------ Task input

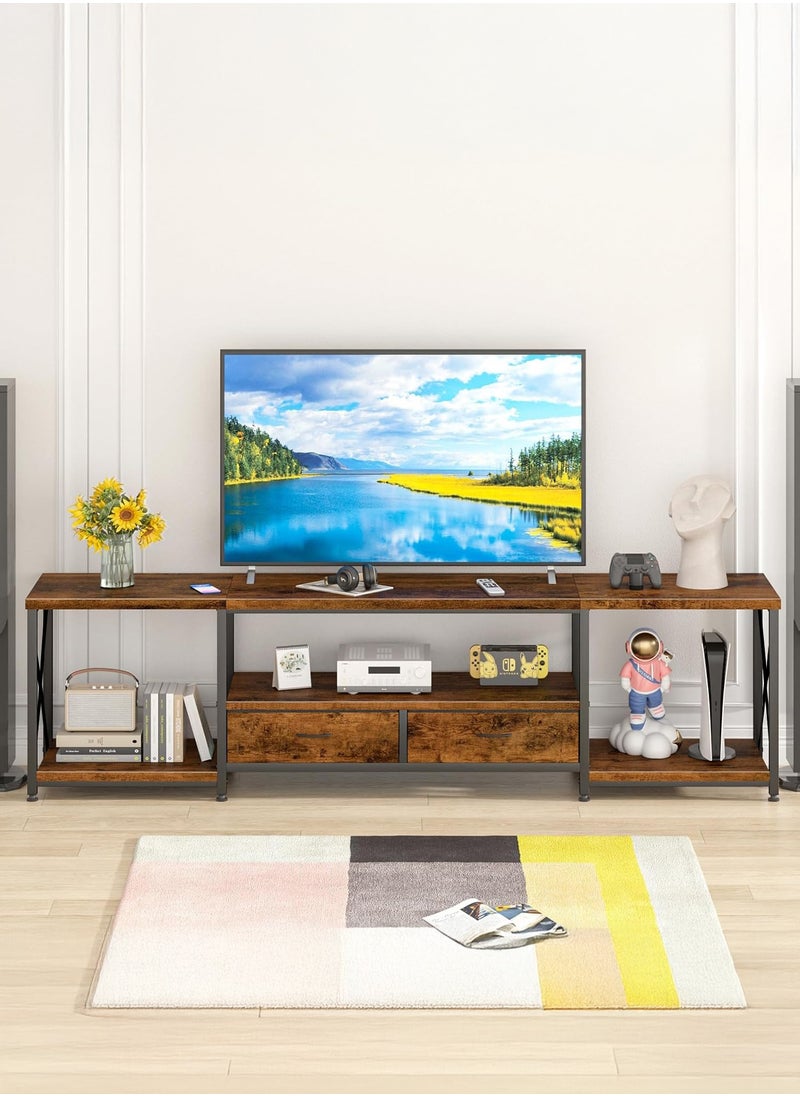 Yanara - TV Stand with Fabric Drawers for 65 70 75 Inches TV - Entertainment Center and Industrial TV Console Table with Open Storage Shelves for Living Room, Bedroom - 160cmx55cmx40cm Rustic Brown - Image 1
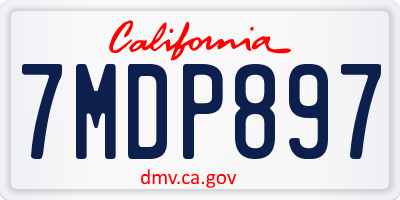 CA license plate 7MDP897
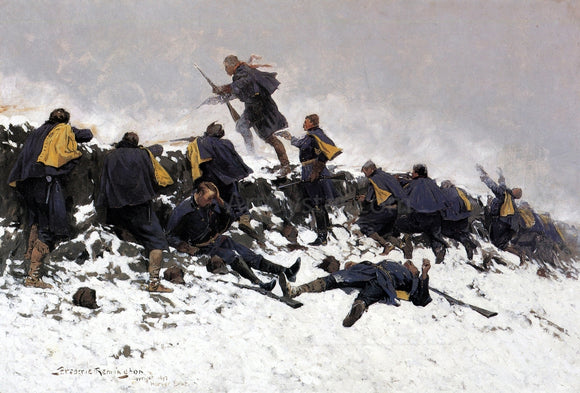  Frederic Remington Through the Smoke Sprang the Daring Soldier - Art Print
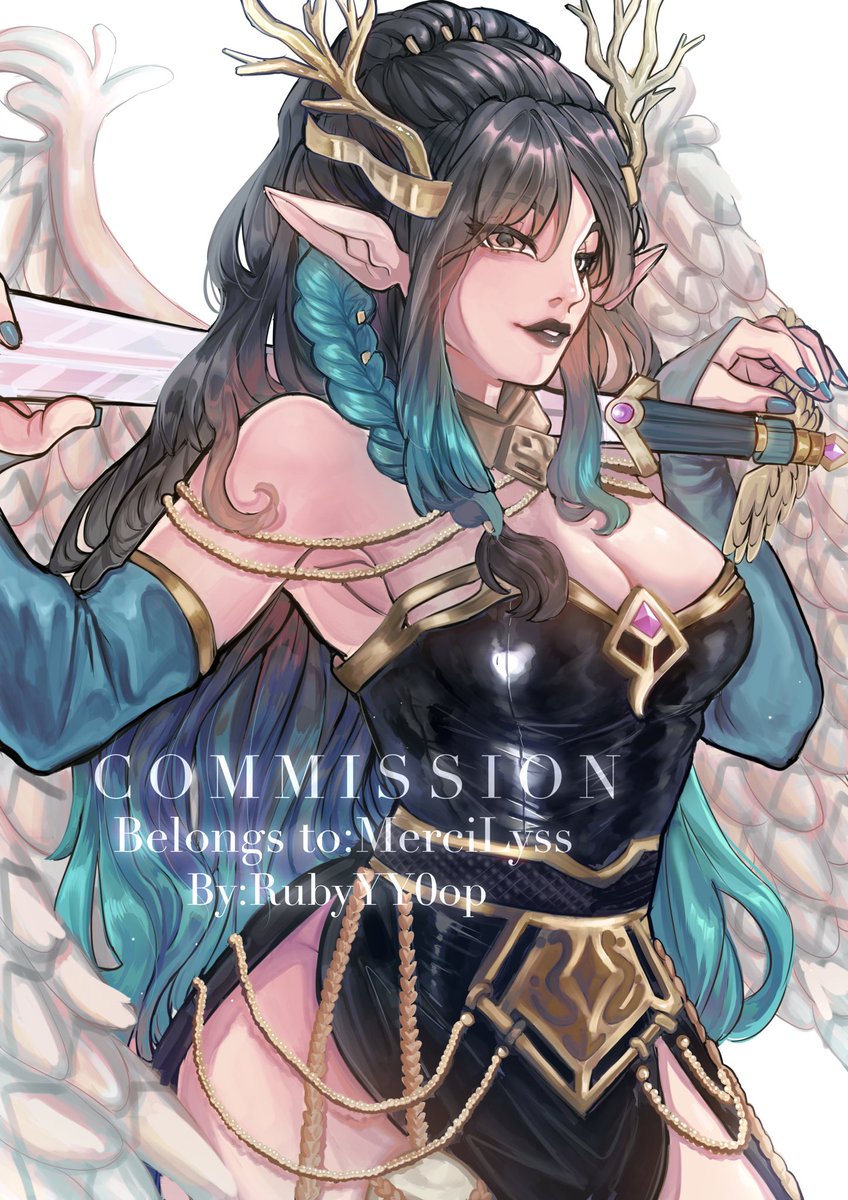 ruby00p's tweet photo. @MerciLysss 
beautifull ,pretty Oc commission drawwing🩵🖤

#artistsontwitter #commissionㅤ #Vgencommissionㅤ #artistoftwitter #oc #ArtistSupport #vgen https://t.co/B7dqfHlzBB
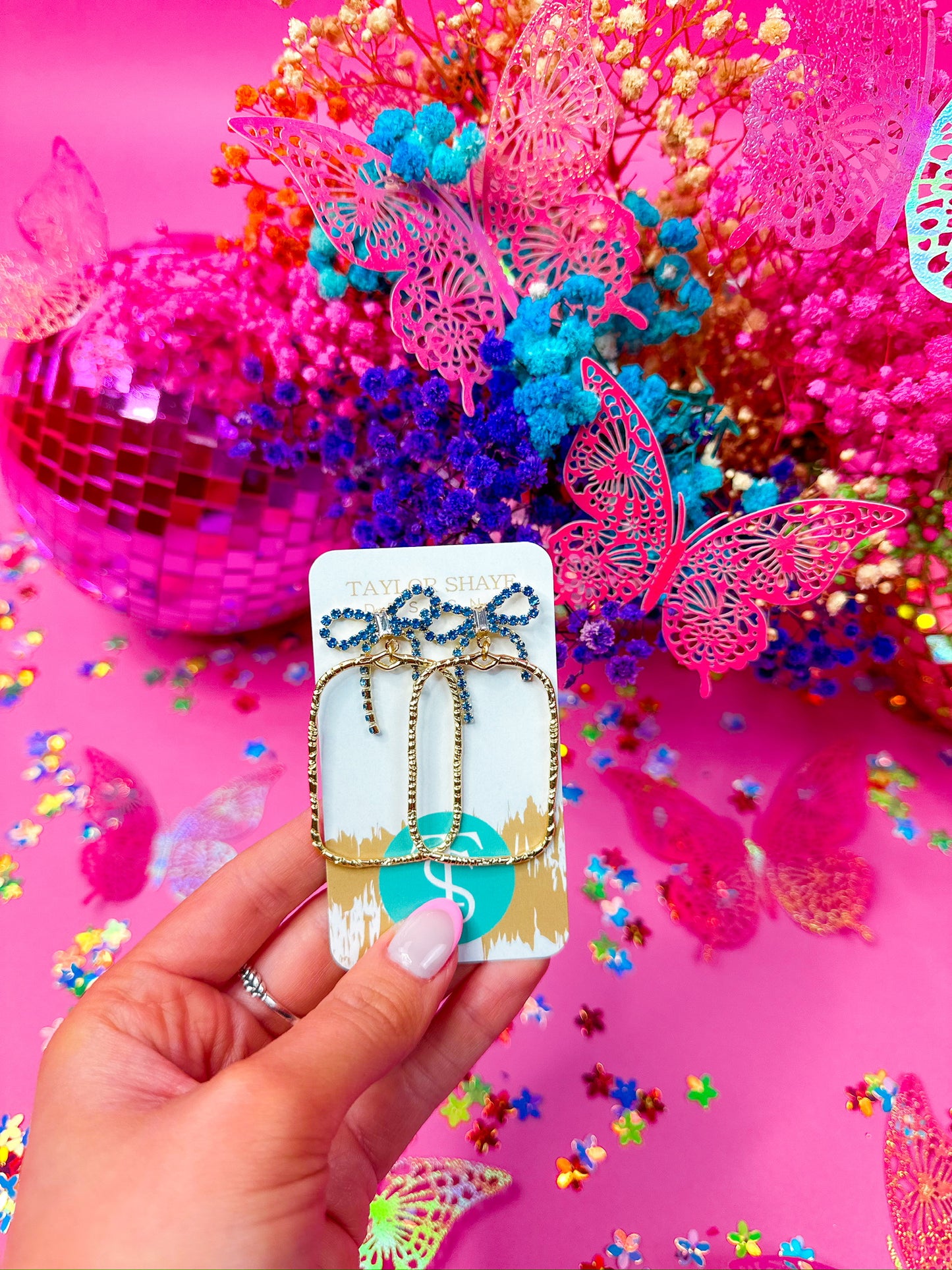 Colorful Nina Bow Hoops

------------

Task brief: Retype the line containing "CA license plate 7MDP897" and each line after it through the last line of the entries above, exactly, with no pictures and nothing else.

Response area:
 CA license plate 7MDP897
  Frederic Remington Through the Smoke Sprang the Daring Soldier - Art Print
 ruby00p's tweet photo. @MerciLysss 
beautifull ,pretty Oc commission drawwing🩵🖤

#artistsontwitter #commissionㅤ #Vgencommissionㅤ #artistoftwitter #oc #ArtistSupport #vgen https://t.co/B7dqfHlzBB
 Colorful Nina Bow Hoops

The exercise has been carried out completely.